In a study examining the genetic material of 23,000 people, U.S. and Dutch researchers found that stroke victims were about one-third more likely to have a mutation in a gene called NINJ2.

Researcher Eric Boerwinkle says the mutated gene is not a death sentence for those who carry it.

BOERWINKLE:  "I think what's important is if a person is now known to have this particular gene variation or gene mutations, that doesn't necessarily mean they are predestined to have a stroke. That's not true."

BERMAN:  Boerwinkle is a researcher at the University of Texas in Houston, and co-author of the study which appears in this week's New England Journal of Medicine.  He stresses that other factors contribute to stroke, including high blood pressure and a build-up of cholesterol that can choke off the blood supply, killing brain tissue.
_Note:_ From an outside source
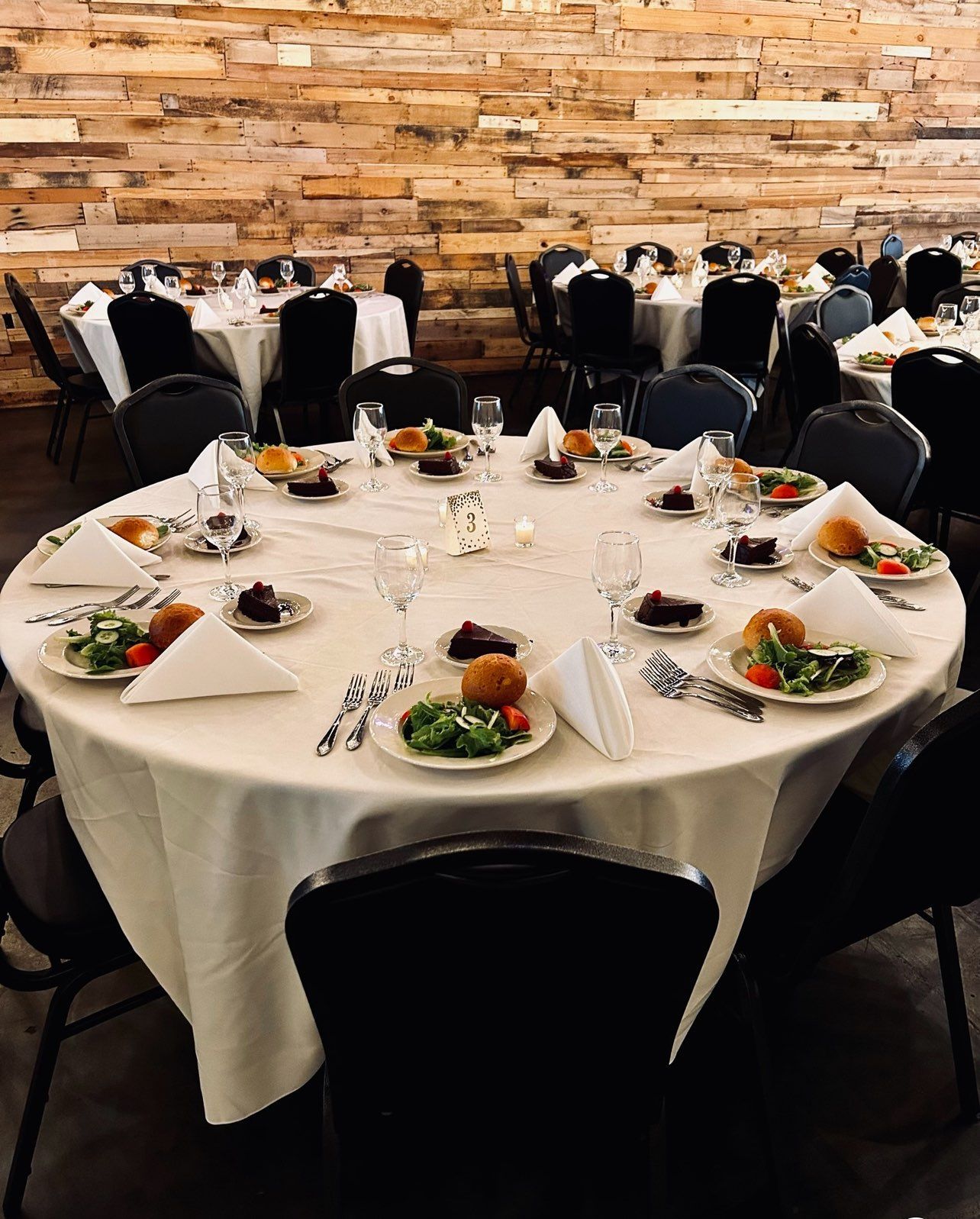 Round tables set for a banquet with white linens, place settings, and food; black chairs in a room with a wooden plank wall.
Boerwinkle adds that, as with other diseases, no single gene is involved in stroke.

BOERWINKLE:  "This discovery shows and documents that the science we have in place can identify the genes - the several genes -- that are contributing to stroke risk. When those genes are found and combined into a diagnostic test, then individuals can have that test and use it to guide their lifestyle choices."

BERMAN:  But sophisticated genetic testing may not be necessary, says David Goldstein, a professor of molecular genetics at Duke University. He wrote an editorial in the New England Journal suggesting that large population studies like Boerwinkle's that pinpoint the location and distribution of abnormal genes don't offer much information on the cause of a disease or how to cure it.
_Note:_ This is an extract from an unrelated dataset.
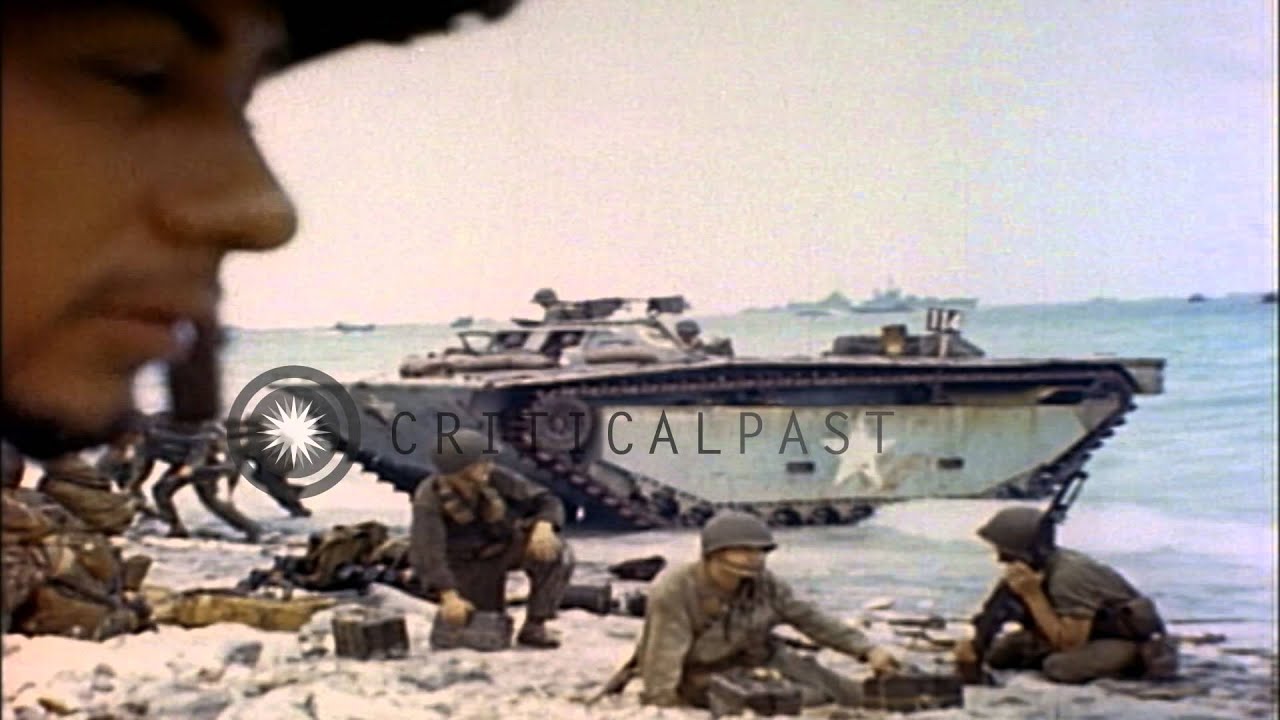 LVT and tank destroyer arrive on a beach Eniwetok Atoll, Marshall Islands during ...HD Stock Footage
GOLDSTEIN:  "Most of the genetic findings are of such small effect that you would do as well or better just using family history, for example."

BERMAN:  But Goldstein says population studies such as the one identifying the stroke mutation may be of more help to researchers than to patients, since they point to regions of the human genome where scientists can narrow their search for the heritable causes of disease. Jessica Berman, VOA News, Washington

The human body illustrated on our Website of the Week

Time again for our Website of the Week, when we showcase interesting and innovative online destinations.
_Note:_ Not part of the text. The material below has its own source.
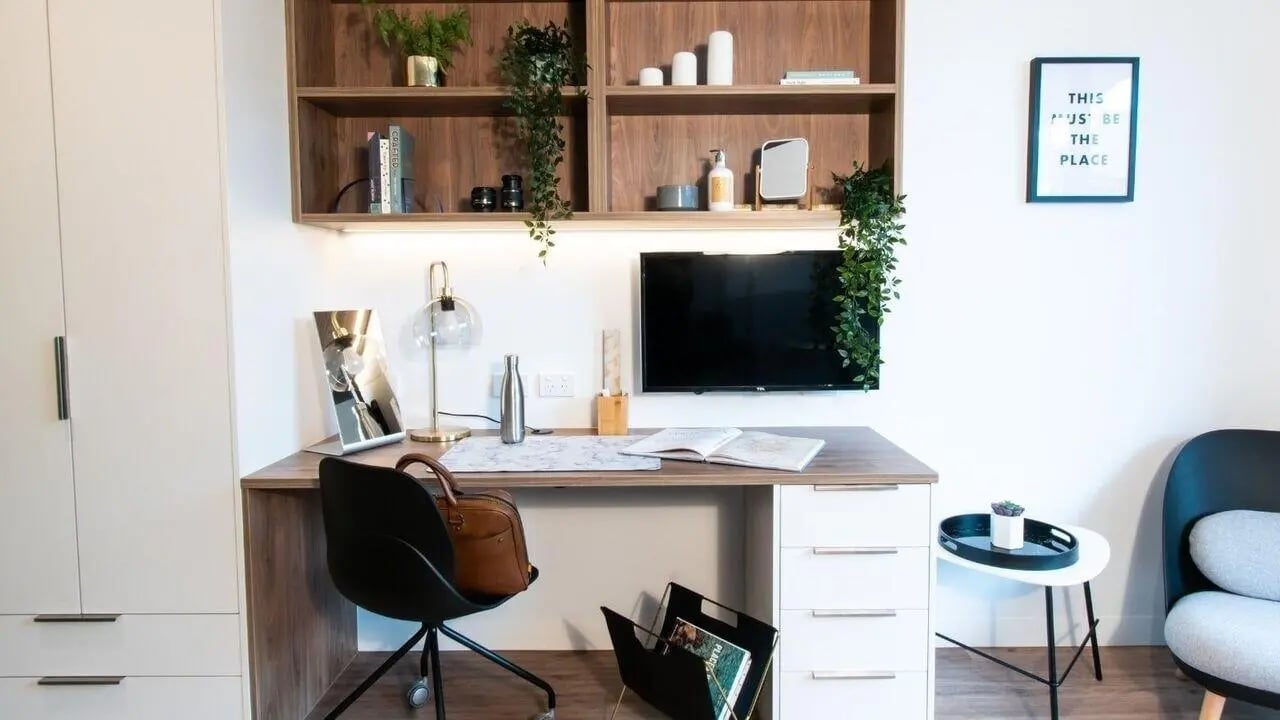Desk chair shelves television framed art study area at UniLodge Park Avenue in Melbourne Student Accommodation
There are a lot of medical sites on the web, many of them offering thousands of pages of information about health and diseases. Our Website of the Week is different. It focuses on using spectacular videos and illustrations to explain how the body works.

TSIARAS:  "The Visual MD is a new way of looking at health information on the Internet. By using visuals from real human data we can finally see the disease, the causes, the consequences and the solutions. And for the first time understanding those things that afflict us and pathways back to health."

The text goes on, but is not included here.